I'm just standing up for my rights

We got out, walked across the world and went on a violent rampage. But at the end of it, there was no on to confront us with what we had done. Who would dare? We’re the world’s last remaining superpower. Rather than being forced to come to grips, as Foster did, with the reality of our deeds, and realize that we are the bad guy in the piece, we cling to the illusion that we are the good guy, that we are just standing up for our rights.

But we’re not the good guy in this piece. We surrendered our white hat at the door when we invaded a country that had done us no harm, using the same trumped up excuses that didn’t work for Hitler in ’39. Ten years later we’re still struggling with the weight of our deeds. We’ve never really admitted we were wrong. Bush is disappointed that there were no WMDs, he says, but that’s not an apology. Far from it. He still says he was right to invade Iraq. He was spreading Democracy he says. It’s good for them. Good for the whole region.

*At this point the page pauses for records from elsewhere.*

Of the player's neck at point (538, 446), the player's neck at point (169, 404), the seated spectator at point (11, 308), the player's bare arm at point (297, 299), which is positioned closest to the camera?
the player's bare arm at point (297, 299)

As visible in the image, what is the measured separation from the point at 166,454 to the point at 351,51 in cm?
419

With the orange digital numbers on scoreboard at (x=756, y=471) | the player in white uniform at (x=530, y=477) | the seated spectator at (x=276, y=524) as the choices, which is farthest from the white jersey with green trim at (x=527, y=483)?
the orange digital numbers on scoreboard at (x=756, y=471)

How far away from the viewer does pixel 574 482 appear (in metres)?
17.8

Well George W. Bush, William Foster had the same attitude towards the people he confronted on his personal rampage. He thought he was the good guy too, and until confronted at the end he retained this delusion. He was defending his rights as a consumer, he says at one point. He is always the victim, never the perpetrator. Always the guy betrayed, the strong man alone, standing up for his rights as he wades through a sea of betrayal on every side.

Everyone wants to be the good guy. Nobody thinks they are the bad guy. But sometimes you end up being wrong. Not everybody can be the good guy, after all. Sometimes it turns out you’re the bad guy. You may go to your grave thinking you were right, but the court of world opinion will usually have something to say about that, as will posterity and future historians.

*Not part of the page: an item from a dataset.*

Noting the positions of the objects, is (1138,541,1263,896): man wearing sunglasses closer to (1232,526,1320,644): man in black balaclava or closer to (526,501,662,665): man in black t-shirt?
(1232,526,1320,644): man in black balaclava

Mea culpa – that’s Latin for “my bad” – we can’t even get a mea culpa out of Bush. Of course, even admitting America has made mistakes is conservative treason. They won’t stand for it. No room for sissies in new and improved American Exceptionalism 2010. Because President Obama is not continuing on Bush’s reckless rampage across the earth’s surface he is seen as apologizing for America’s actions and we can’t have that. Other countries apologize, but not us. We’re the good guys. We have nothing to apologize for.

We have this image of ourselves as the plucky little nation we haven’t been for over half a century, beset by powerful enemies, standing up for mom, apple pie and the flag. But even then that image wasn’t an accurate one. American imperialism has been with us nearly since our nation’s founding despite all the wishes to the contrary. In reality, we have been the bully of the piece, throwing our weight around, ignoring the rights of others.

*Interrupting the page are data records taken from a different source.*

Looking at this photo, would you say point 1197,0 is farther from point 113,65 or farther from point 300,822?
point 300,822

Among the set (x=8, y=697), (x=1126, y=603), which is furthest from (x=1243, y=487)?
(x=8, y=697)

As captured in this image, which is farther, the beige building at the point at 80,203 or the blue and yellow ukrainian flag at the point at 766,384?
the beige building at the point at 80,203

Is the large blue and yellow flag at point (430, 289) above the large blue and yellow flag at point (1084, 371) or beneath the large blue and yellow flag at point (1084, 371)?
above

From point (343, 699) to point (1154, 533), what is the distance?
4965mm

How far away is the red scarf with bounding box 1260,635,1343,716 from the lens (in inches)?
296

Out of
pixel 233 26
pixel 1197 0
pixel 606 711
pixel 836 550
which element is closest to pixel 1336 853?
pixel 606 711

Oh sure we’ve done some good. We intervened to stop the slaughter in 1917; we fought another imperialist power that meant us harm in ’41 and joined in a just war against Hitler four days later (not that we had a choice – he declared war on us) but there are plenty of sins to balance the good. We can’t claim the right to wear white hats, no more than anybody else can. The world is too nuanced for white and black hats, and so thinking in black and white terms is a little absurd, isn’t it? Shouldn’t we laugh at a country that tries to wear a white hat? Or should we cry?

Did we learn nothing from two world wars in the same century, from Korea, from Vietnam, and now from Iraq and Afghanistan? It’s all well and fine to want to be the good guy. As I said, everyone wants to be the good guy. But to be the good guy, don’t you have to actually BE the good guy? Just saying it, just believing it, isn’t going to make it so, and neither will re-writing the history books, which seems to be the Republican solution to America’s sins. Just write them away.

But like any alcoholic wanting to go sober, we have to confront our problem; we have to admit we have a problem, and come to grips with it. People caution about constitutional crises and domestic discord, but isn’t it better to keep it in the family than suffer an intervention on an international scale? Let’s think about the problem here for a bit, and stop making excuses for it.